> **Brief**: Only one span is wanted from the lines below: from the one with "Viện Chấn thương" up to and including the one with "detective solving mystery". Copy it exactly, without images.

> **Data to examine**:
**********

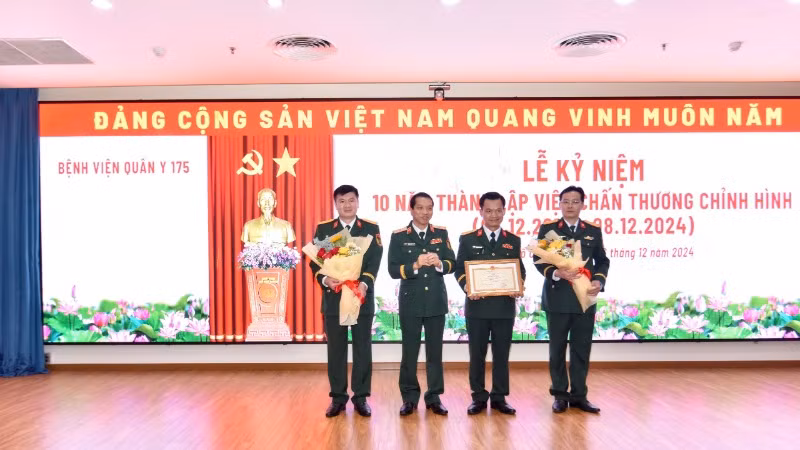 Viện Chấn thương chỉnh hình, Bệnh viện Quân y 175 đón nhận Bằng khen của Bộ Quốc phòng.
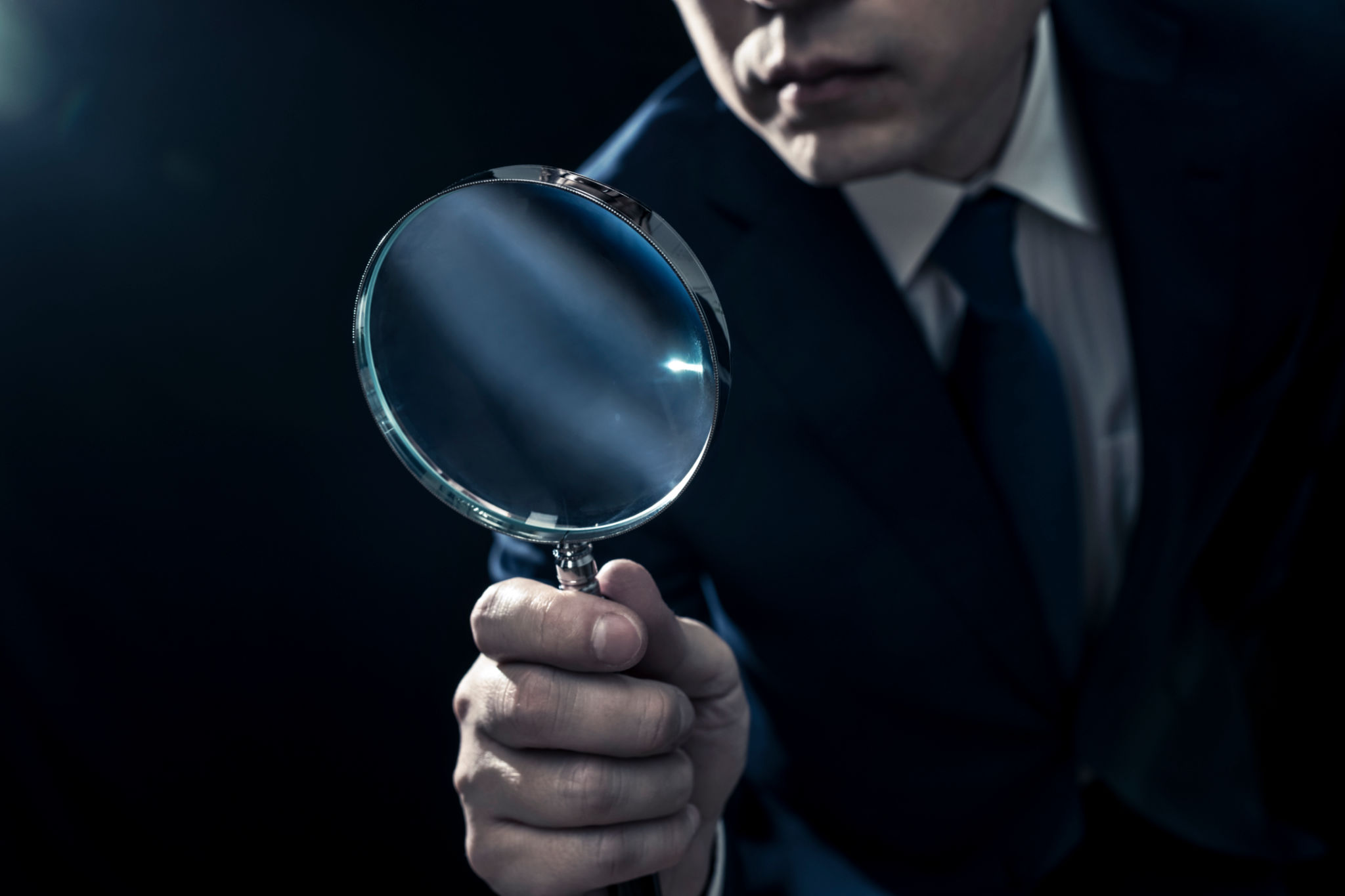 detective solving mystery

**********

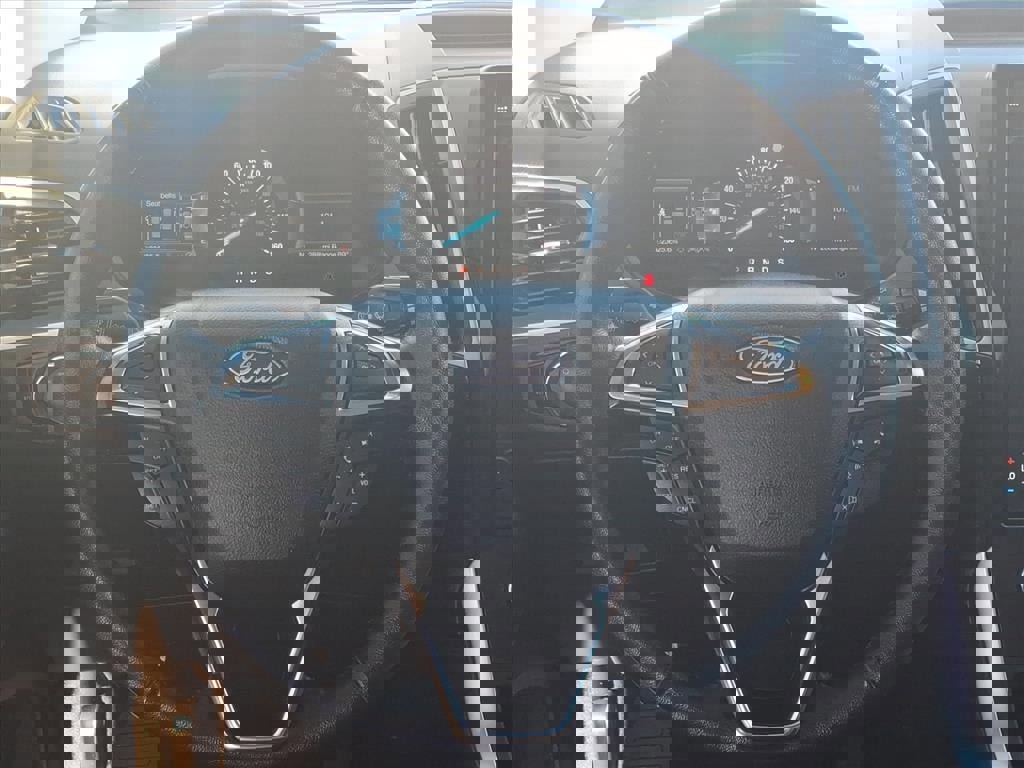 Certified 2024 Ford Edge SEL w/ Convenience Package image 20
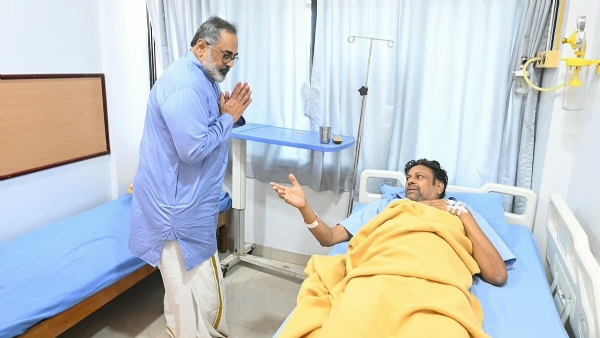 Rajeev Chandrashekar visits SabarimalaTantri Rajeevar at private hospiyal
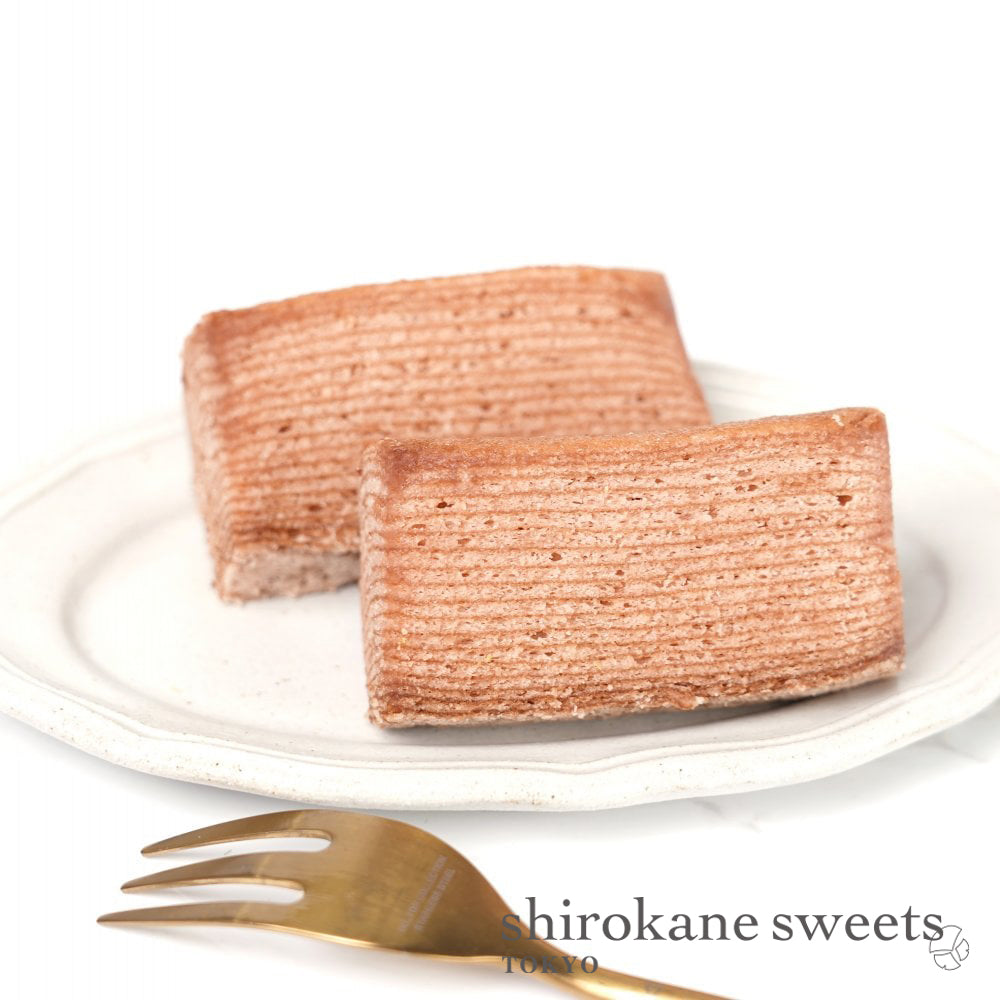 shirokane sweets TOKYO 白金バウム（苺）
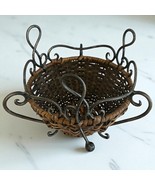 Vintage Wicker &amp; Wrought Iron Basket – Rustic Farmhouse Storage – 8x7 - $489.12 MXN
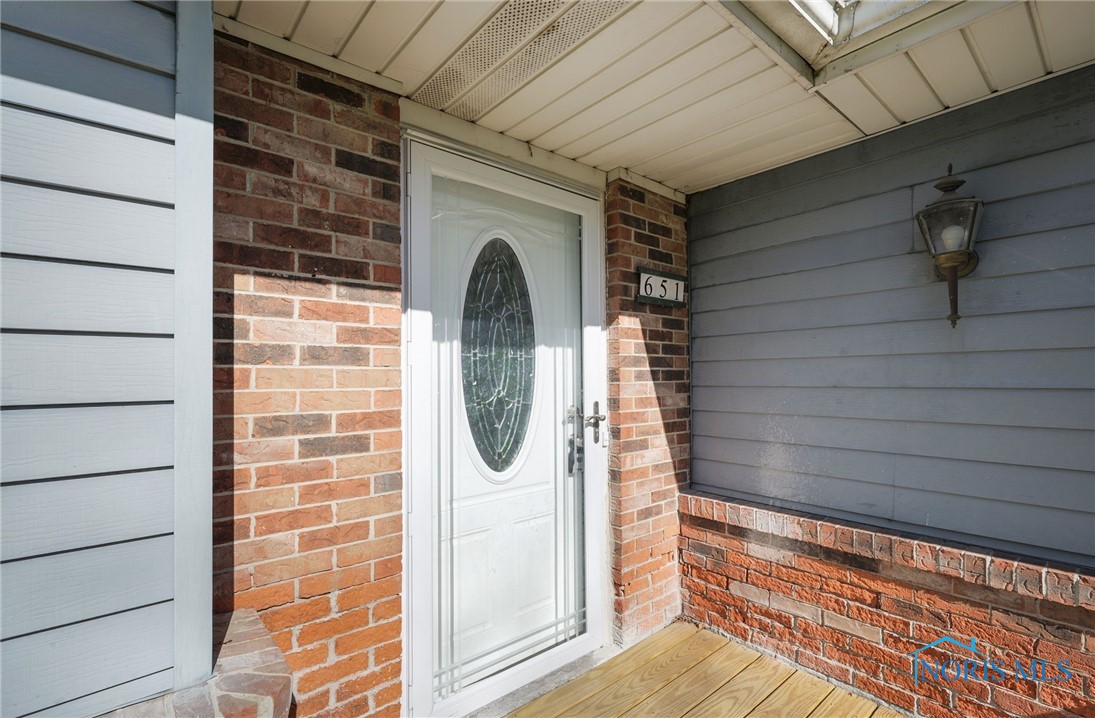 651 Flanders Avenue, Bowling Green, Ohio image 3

**********

> **Output**:
 Viện Chấn thương chỉnh hình, Bệnh viện Quân y 175 đón nhận Bằng khen của Bộ Quốc phòng.
 detective solving mystery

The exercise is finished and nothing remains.